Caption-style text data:
╭──
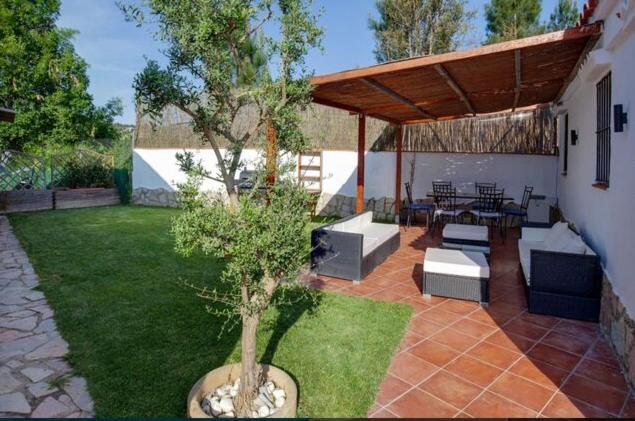 Detached Villa For 6 People In Lloret De Mar With Comunal Outdoor Swimming Pool Puigventos Kültér fotó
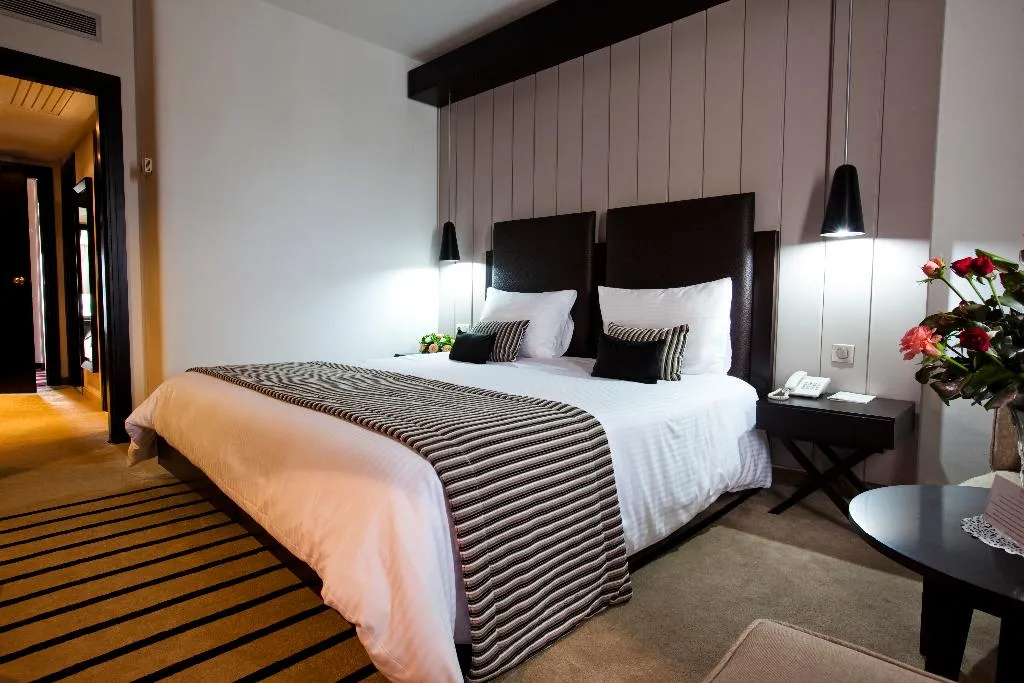 Room, El Mouradi Palace Hotel for family & couples only, Tunisia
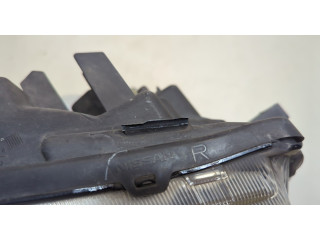 Фара передняя Nissan Pathfinder 2004-2014 правая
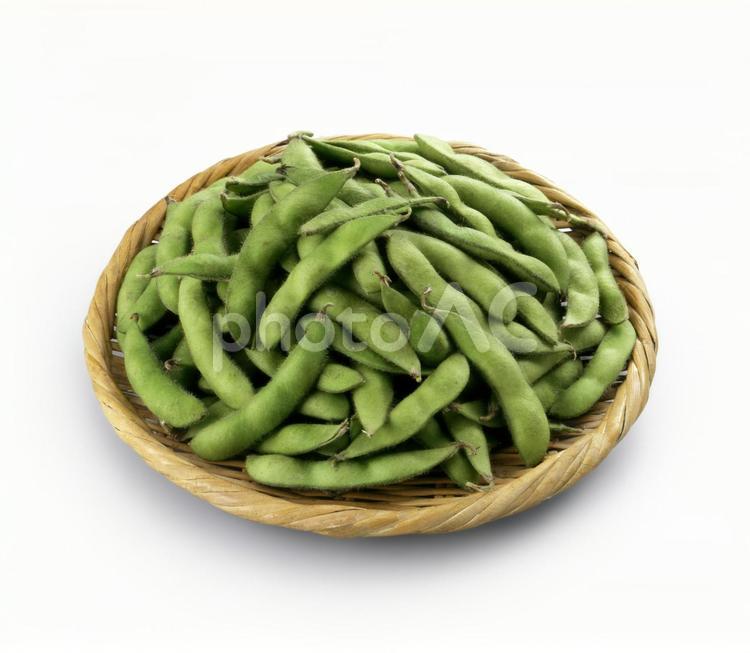 枝豆ざる盛り 枝豆,ざる盛り,かご盛りの写真素材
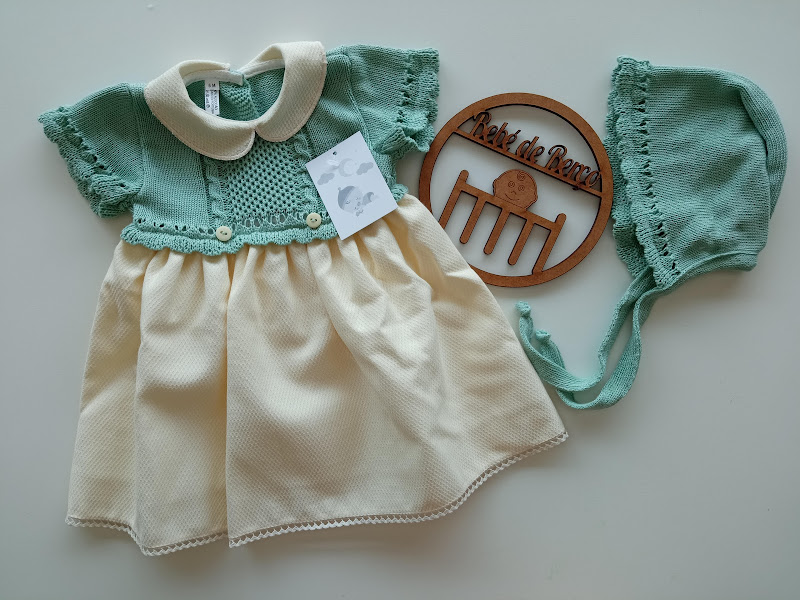 Vestido de bebé verde água e creme com gorro e placa de madeira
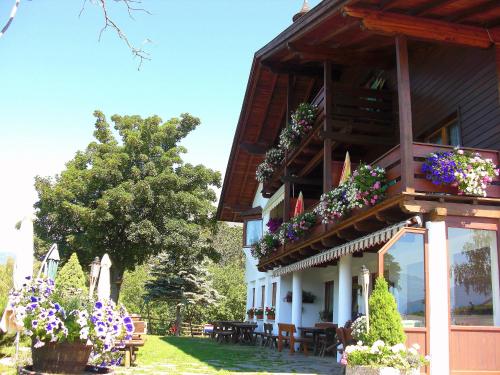 Pension Hatzis BnB San Pietro in Gardena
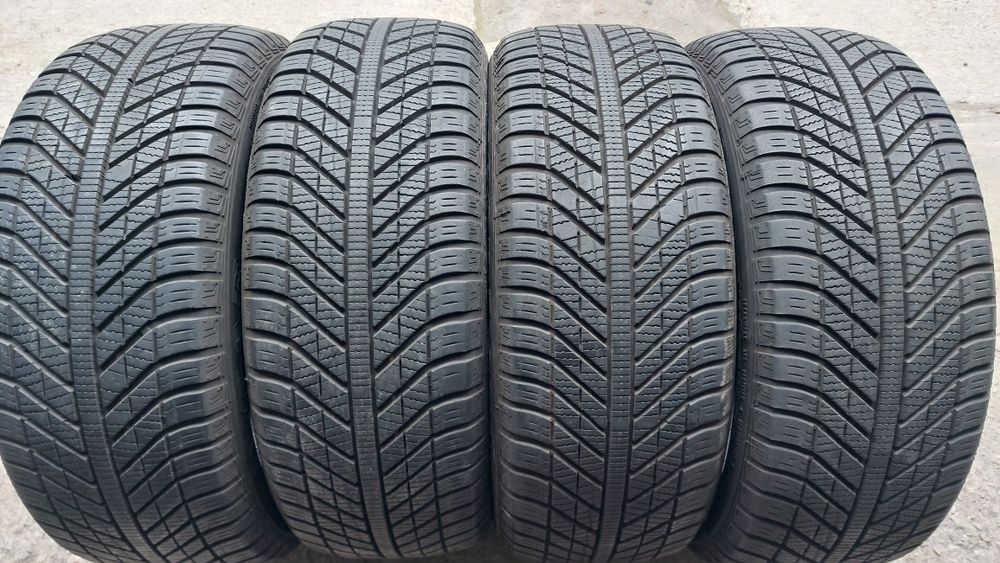 Всесезонни гуми 205/50/17 Goodyear Vector4Seasons 4 броя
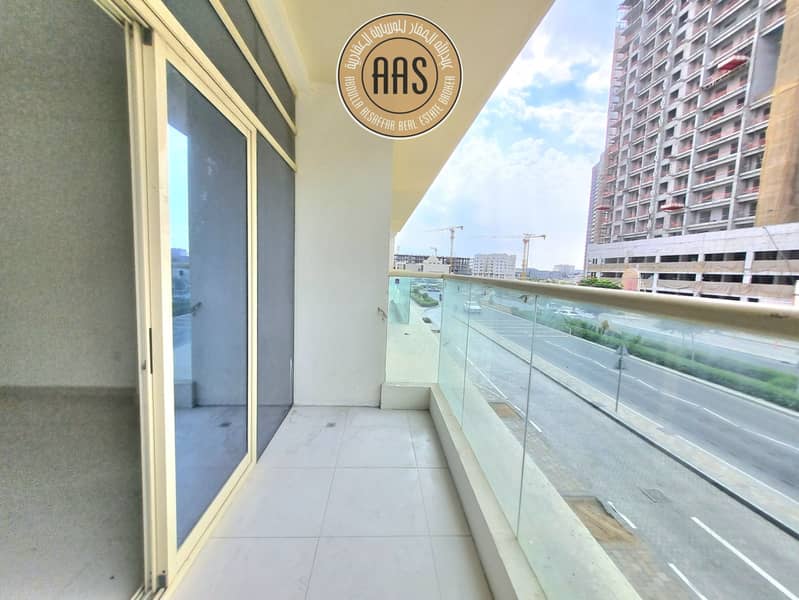 Spacious 1-Bedroom Apartment || Prime Location || Premium Amenities - Image 9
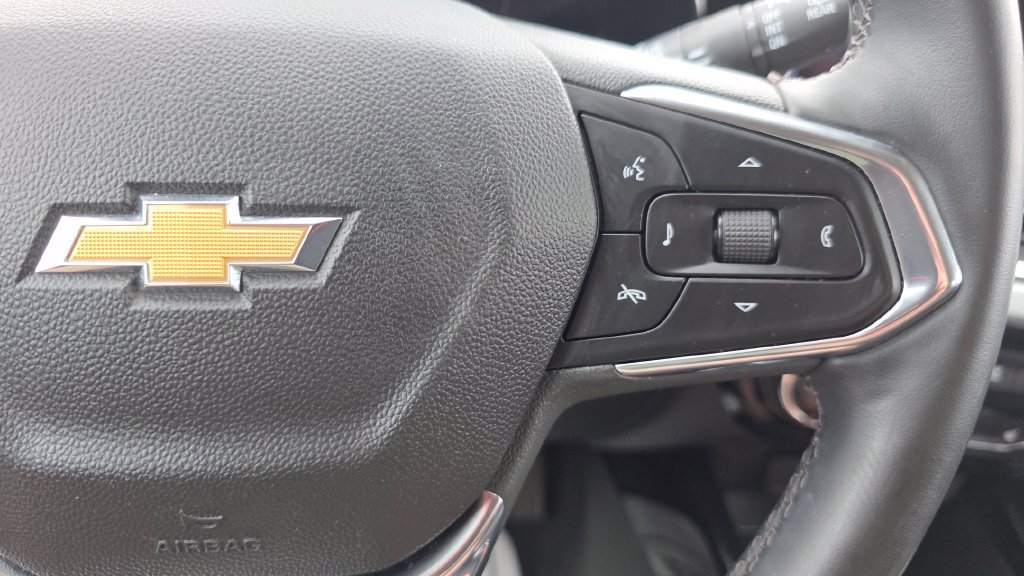 Used 2025 Chevrolet Trax LT w/ LT Convenience Package FWD image 26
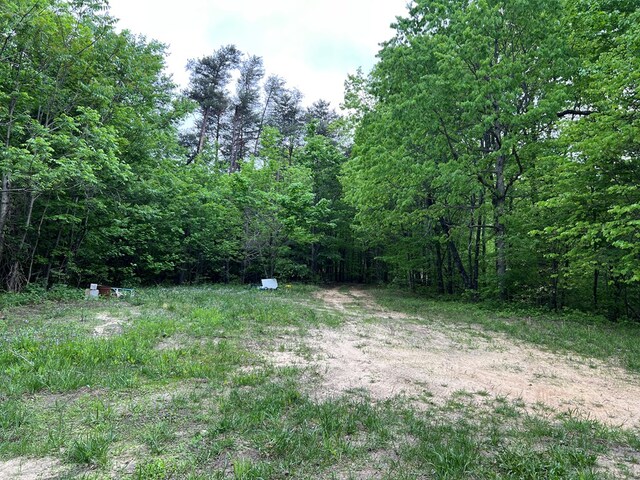9550 Rocky Point Rd, Cookeville, TN 38506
╰──
__About this task__: Your answer must be exactly the lines from the one with "枝豆ざる盛り 枝豆,ざる盛り,かご盛りの写真素材" through the last line of the entries, both included, with no pictures; please add nothing else.

__Exercise output__:
 枝豆ざる盛り 枝豆,ざる盛り,かご盛りの写真素材
 Vestido de bebé verde água e creme com gorro e placa de madeira
 Pension Hatzis BnB San Pietro in Gardena
 Всесезонни гуми 205/50/17 Goodyear Vector4Seasons 4 броя
 Spacious 1-Bedroom Apartment || Prime Location || Premium Amenities - Image 9
 Used 2025 Chevrolet Trax LT w/ LT Convenience Package FWD image 26
9550 Rocky Point Rd, Cookeville, TN 38506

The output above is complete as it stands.